Digital technology may hold the key to keeping the populations of Southeast Asian nations well-nourished, according to research conducted in the region.
Food security in Association of Southeast Asian Nations (ASEAN) member states has been threatened recently by low agricultural productivity; illegal, unreported and unregulated fishing; climate events; food safety issues; and supply chain disruptions.
“ASEAN guidelines for digital agriculture endorsed by agriculture ministers is a landmark in the start of the digital era,” Dr. Venkatachalam Anbumozhi, director of research strategy and innovation for the Economic Research Institute for ASEAN and East Asia (ERIA), told FORUM. ERIA was involved in a yearlong research project that was completed in October 2021 and in developing the guidelines.
Precision agriculture, mobile technology, remote sensing, drones and big data analytics are among the technical advancements paving the way for a comprehensive digital transformation of agriculture in ASEAN nations, according to a recent progress report on the ERIA study. Farmers’ access to information and markets is thereby improved, while productivity is increased, supply chains are streamlined, operating costs are reduced and separate development lines are integrated into “smart,” networked agricultural production systems and resilient food value chains.

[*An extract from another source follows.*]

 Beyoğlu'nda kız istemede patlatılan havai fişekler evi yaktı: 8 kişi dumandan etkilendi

“There is a digital divide in several countries and rural regions,” Anbumozhi said. “To harness the full potential of digital technologies that promise sustainable and resilient value chains, governments and policymakers need to go beyond simply accelerating innovation and take a more comprehensive approach.”
While mechanized food production systems and improved inputs have increased agricultural productivity over the past three decades in major ASEAN member states such as Indonesia, Malaysia, Thailand and Vietnam, low agricultural productivity continues to be a problem in Cambodia, Laos and several Indonesian provinces, he added.

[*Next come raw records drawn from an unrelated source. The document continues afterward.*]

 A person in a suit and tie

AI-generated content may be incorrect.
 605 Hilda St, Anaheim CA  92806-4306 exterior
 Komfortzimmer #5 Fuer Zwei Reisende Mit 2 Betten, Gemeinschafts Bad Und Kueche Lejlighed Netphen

Anbumozhi’s team is advising ASEAN governments to direct science and technology (S&T) solutions to boosting farm productivity in response to climate risks and to promoting social inclusion. This involves employing public-private partnerships and tax incentives, as well as pooling the resources of various disciplines and agencies to promote technical advisory support for agribusiness.
Examples of S&T solutions include using “digital sequence information” to promote selective plant breeding and commercializing new plant varieties and technologies that improve value chain resilience, he said. Combining e-commerce with “cold chain infrastructure,” or temperature-controlled environments, enables the movement of perishable goods along supply chains and promotes “more inclusion among producers and consumers.”
Digital technology is also being used to identify disaster risks and manage price hikes, as well as to enhance food safety by tracking and tracing goods, he said.
By using the internet of things, blockchain and automated climate control, nine urban farms atop multistory garages in Singapore are producing about 1,600 tons of vegetables annually, according to the government-run Singapore Food Agency (SFA).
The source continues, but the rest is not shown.